短いですが。

雨降りストレンジャー




「さいあく」

 琴子はぽつぽつと雨の降り出した空を見上げて呟いた。小さく広げた両手に水滴が落ちて、小さな掌を濡らしてゆく。次第に強くなってきた雨足に、琴子が気付いた時には周りには誰も居なかった。すぐ近くの喫茶店に目を遣れば、沢山の客が美味しそうにコーヒーを飲んでいる。琴子は、幸せそうな客たちと、不運なことに一銭も持っていない自分とを比べ、惨めになったのですぐにそこから目を反らした。一昨日髪の毛を切ったせいで、久しぶりに覗いたうなじに大きな雨粒が当たり、琴子は小さく身震いした。ついてない。昨日あんなことがあったばかりなのに、と琴子が思うと、雨が更に強く冷たくなったような気が、した。

「帰らないのですか?」

 思考を遮る突然の問い掛けに、琴子はびくんと痙攣しながら振り返ったが、視界には何も映らなかった。

「誰?」

 虚空を見つめながら琴子が訊ねると、今度は前方から声がした。

「誰、と言われましても」

 今度は見逃さない、とでも言うように琴子が物凄い速さで振り向けば、琴子の視界には、得体の知れないものが映った。

「あなた、何? どうして喋れるの?」

 琴子が声を震わせながら小さく後ずさりしながら訊ねると、その得体の知れないもの、黒いダブルのスーツに蝶ネクタイを締めた二足歩行のダックスフントが嬉しそうに笑った。

「そうです。そんな反応を待っていたんです」

 得体の知れないダックスフントが一歩一歩琴子に近付いてくる。琴子は救いを求めるように目を反らしたばかりの喫茶店を見たが、誰もが談笑に夢中で琴子とダックスフントには気付かない。ダックスフントが近寄ると、琴子は一歩後ろへ下がる。そんな一進一退の一人と一匹? の攻防戦は、琴子の背中が壁に当たったことで幕を閉じる。

「いや、近寄らないで」

 雨は、更に強くなっていた。やっぱり、ついてない。琴子はもう一度思って目の前のダックスフントを睨み付ける。

「貴女の、欲しいものは何ですか?」

 しかし、得体の知れないダックスフントの口から零れた言葉は、拍子抜けするほど普通の質問だった。ダックスフントの質問に、琴子は遠くを見つめて小さく呟く。

「あのひとのこころがほしい」

 切なげな琴子の瞳に、ダックスフントは全てを悟ったかのように小さく首を横に振る。そして心底申し訳なさそうに深々と頭を下げた。
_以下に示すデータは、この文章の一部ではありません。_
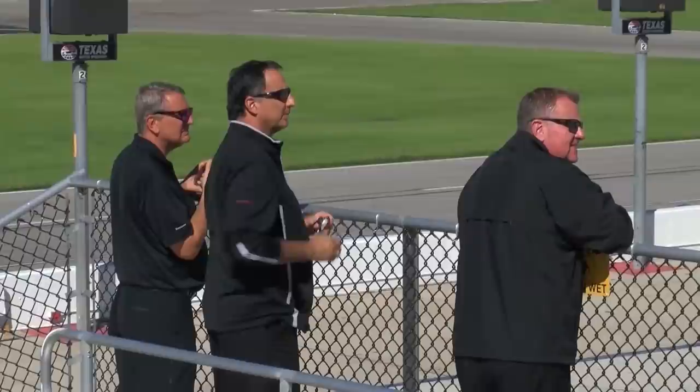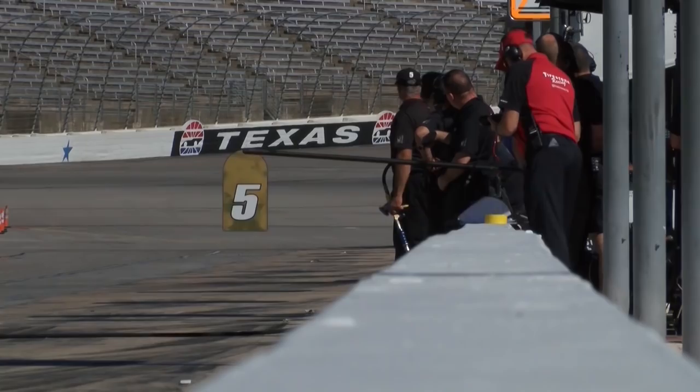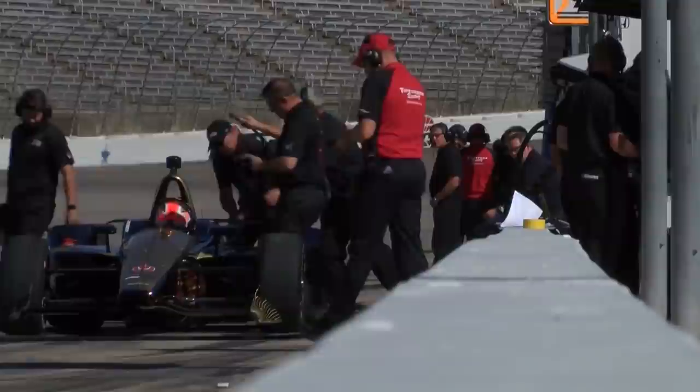The car does seem to close up on the cars in front much faster than the old car. There were times at Pocono and Indy where you felt like you just needed that last little bit of speed and were having to pop out very late to make moves. I don't think that's going to be an issue with this car — it seems to punch a big enough hole and catch up to the car in front pretty well.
「申し訳ございません。既に誰かの手に渡ってしまったものは、差し上げられないのです」

 悲しそうに自分を見るダックスフントに、琴子はいいの、と呟き、微かに笑い返した。

「ありがとう。ごめんね、難しいお願いしちゃって」
「いえ、こちらこそ期待をさせてしまって、すみません」

 一人と一匹は同時に頭を下げ、上げた瞬間にかち合った視線に気まずそうに苦笑いをした。

「おっと、雨が止んでしまう。それではまたいつか、雨の降る日に」

 ダックスフントはもう一度丁寧に頭を下げると、琴子に背を向け、走り出す。

「あ、ねぇ。待って」
「どうかなさいましたか?」

 大きな目で自分を見つめるダックスフントに、琴子はゆっくりと近寄ってハンカチを身体に巻いてやった。

「あんまり、意味ないかもしれないけど」
「いいえ、ありがとうございます」
「欲しいもの考えとく。今度会うときまでに」
「えぇ。今度はきっと叶えて差し上げます」

 一人と一匹は同時に背を向け、走り出した。気付かないうちにブレザーから覗いたセーターの袖が、ぐしょぐしょに濡れ、茶色のローファーは水浸しになっていた。ついてない、こともないかも。琴子は、さっぱりとしたうなじをがしがしとさすり、得体の知れないダックスフントを思い、小さく笑った。走っているうちに、雨は止んでいた。雨上がりの空に、虹がかかっていた。